● THE DATA
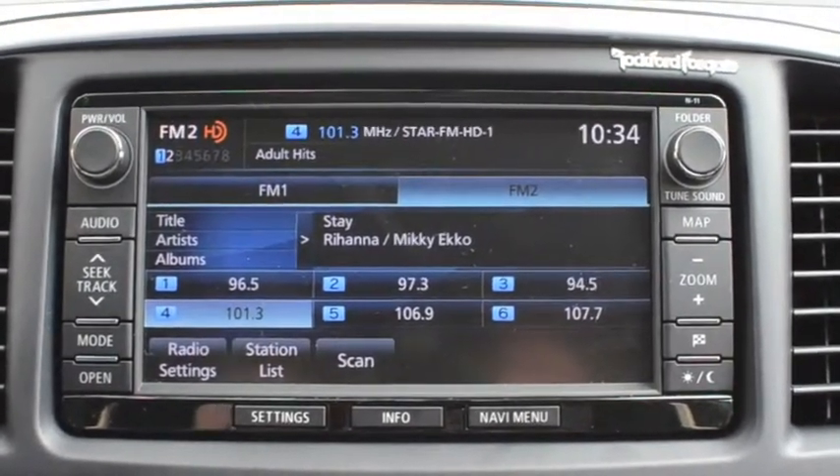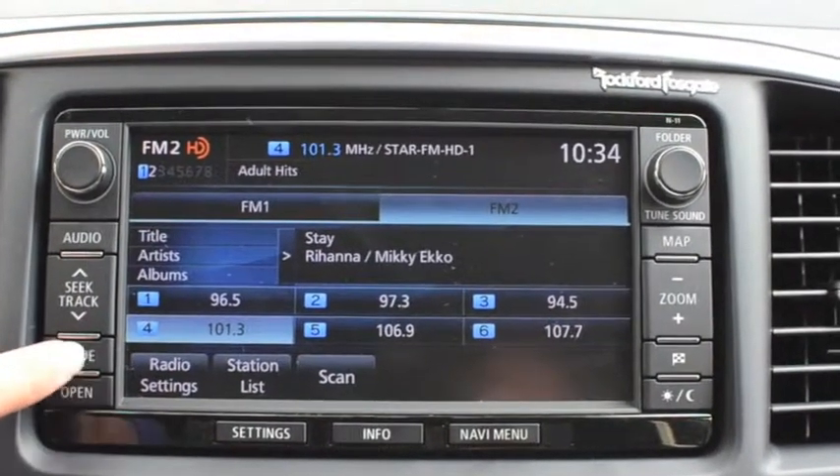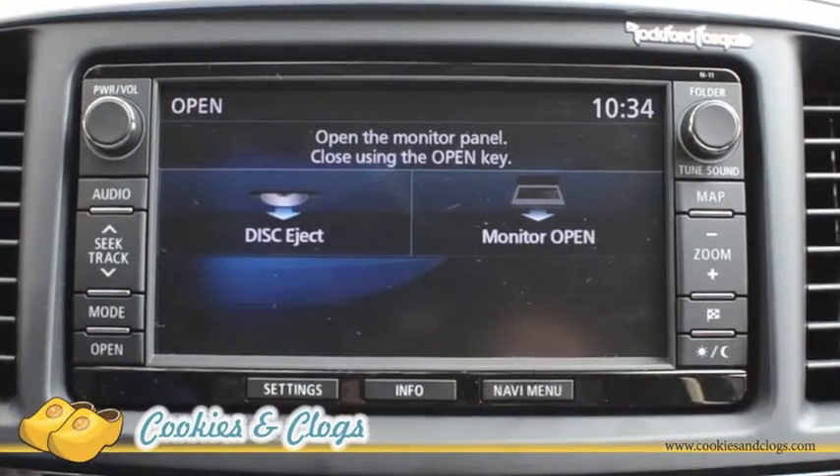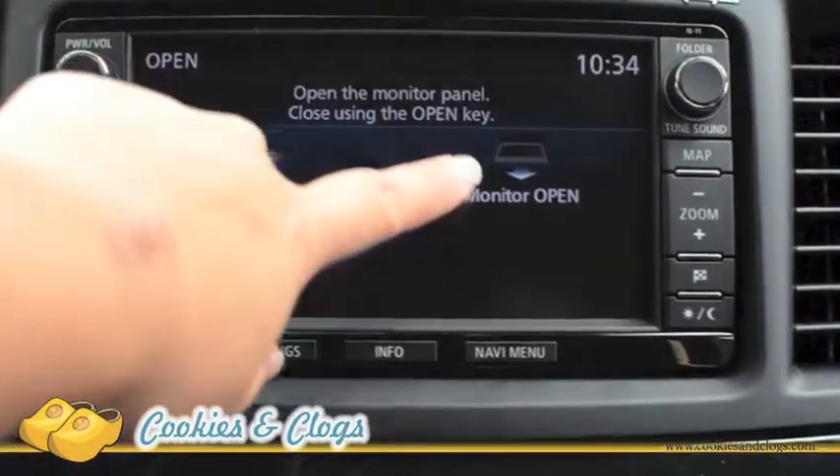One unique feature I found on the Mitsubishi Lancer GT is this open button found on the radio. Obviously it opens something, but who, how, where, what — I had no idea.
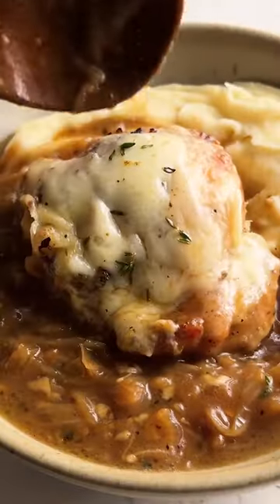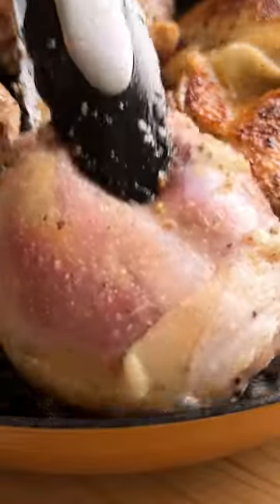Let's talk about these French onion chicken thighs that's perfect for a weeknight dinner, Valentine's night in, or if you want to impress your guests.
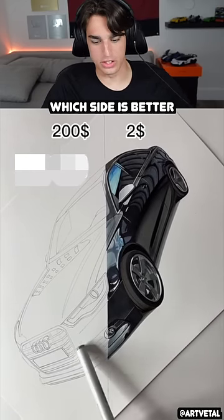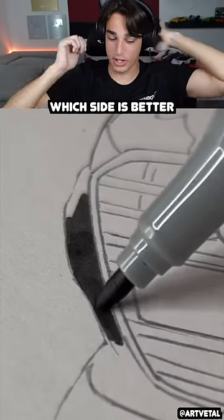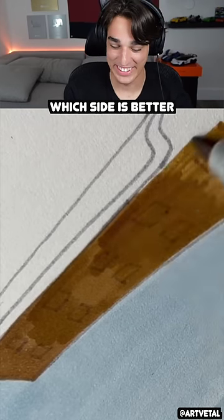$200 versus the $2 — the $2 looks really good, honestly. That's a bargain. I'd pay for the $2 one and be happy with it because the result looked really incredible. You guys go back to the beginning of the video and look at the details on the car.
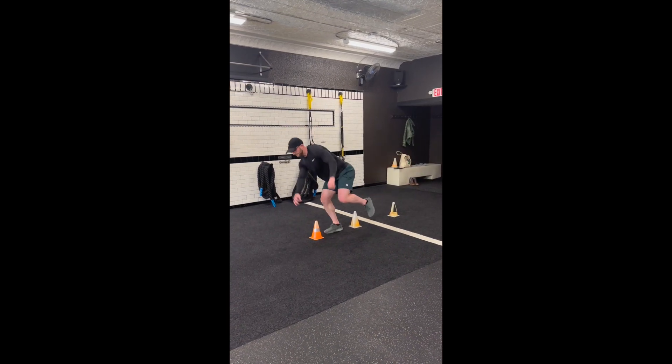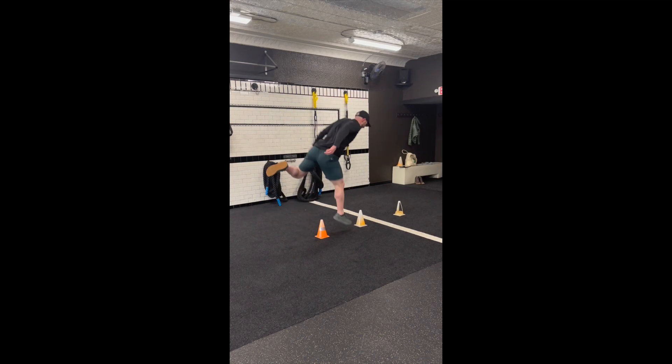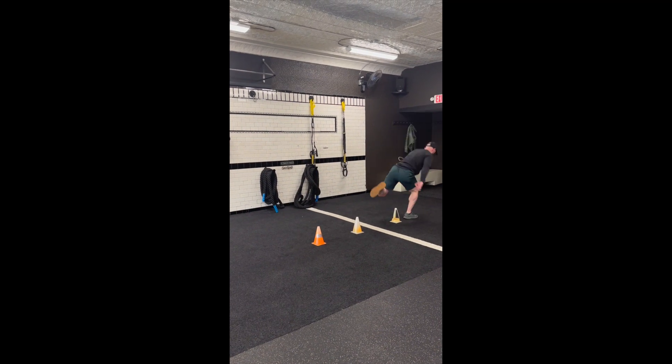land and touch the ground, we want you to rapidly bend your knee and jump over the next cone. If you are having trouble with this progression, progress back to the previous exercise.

...

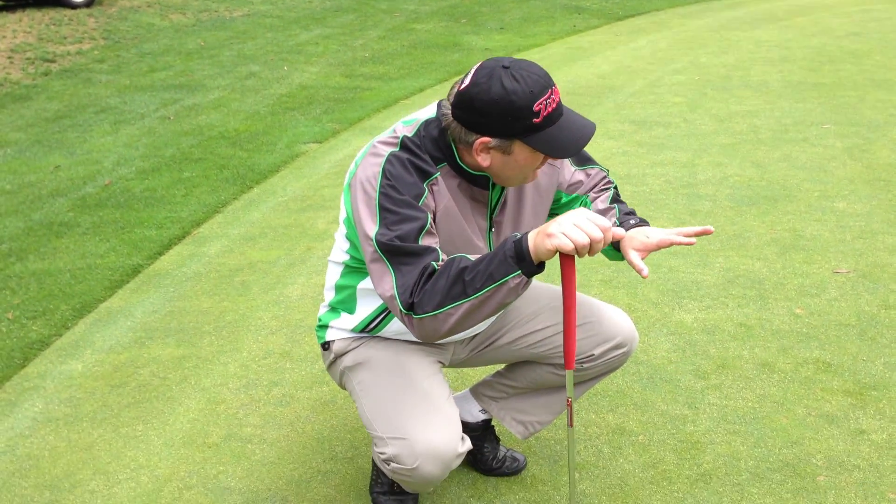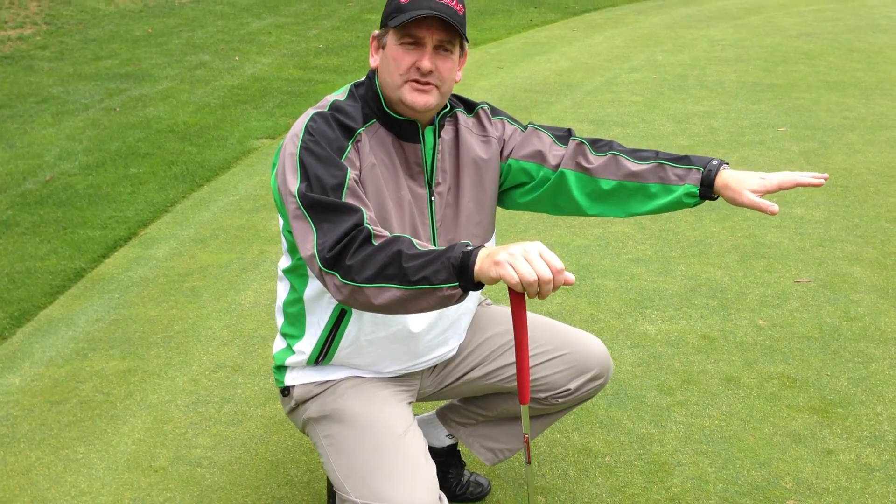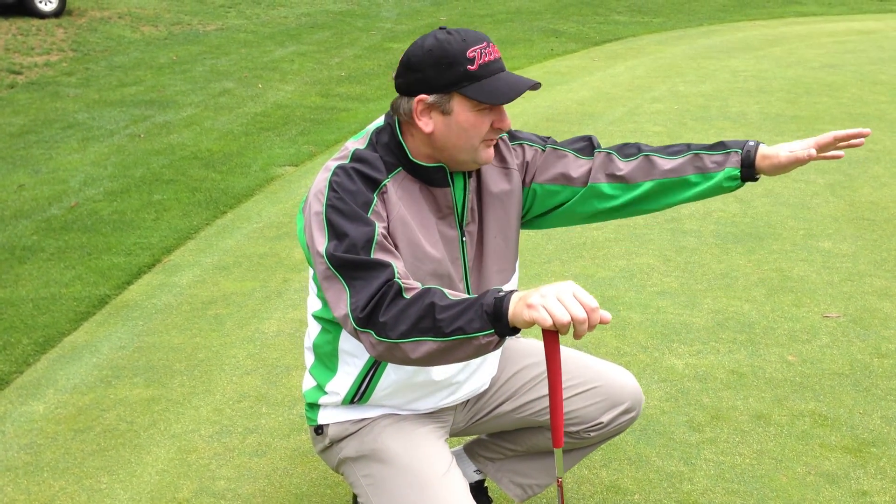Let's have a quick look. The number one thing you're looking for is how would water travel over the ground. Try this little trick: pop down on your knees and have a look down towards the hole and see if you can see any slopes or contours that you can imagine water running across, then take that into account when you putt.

● YOUR OBJECTIVE
Going by the data above, the answer is exactly the lines from the one holding "One unique feature" to the one holding "Let's talk about", both kept, with the pictures left out.

● EXERCISE ANSWER
One unique feature I found on the Mitsubishi Lancer GT is this open button found on the radio. Obviously it opens something, but who, how, where, what — I had no idea.
Let's talk about these French onion chicken thighs that's perfect for a weeknight dinner, Valentine's night in, or if you want to impress your guests.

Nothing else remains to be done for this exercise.